The whole listing below, with no pictures, is to be repeated as it stands.

### Collected data
= Beginning of Section =

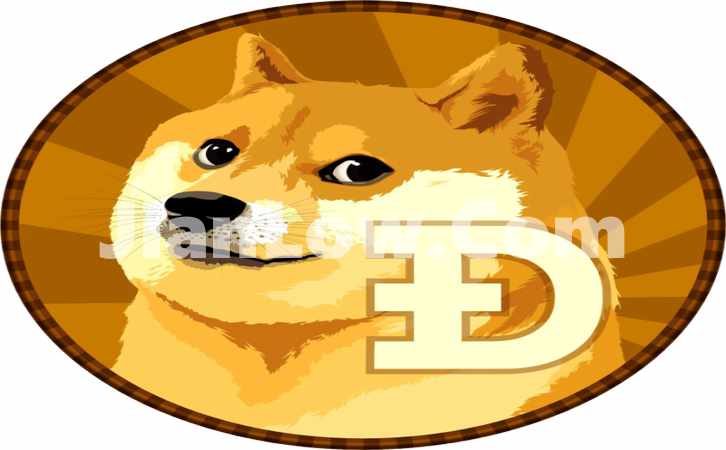 doge币怎么购买怎么交易(虚拟币交易app评述)插图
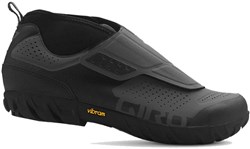 Giro Terraduro Mid SPD MTB Shoes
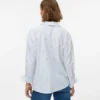 Chemise VMSophia
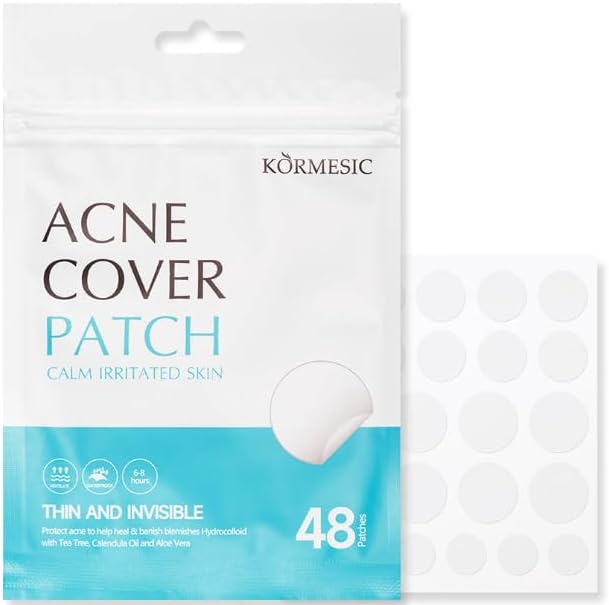 Parches Adelgazantes Quema Grasa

= End of Section =

### Task response
 doge币怎么购买怎么交易(虚拟币交易app评述)插图
 Giro Terraduro Mid SPD MTB Shoes
 Chemise VMSophia
 Parches Adelgazantes Quema Grasa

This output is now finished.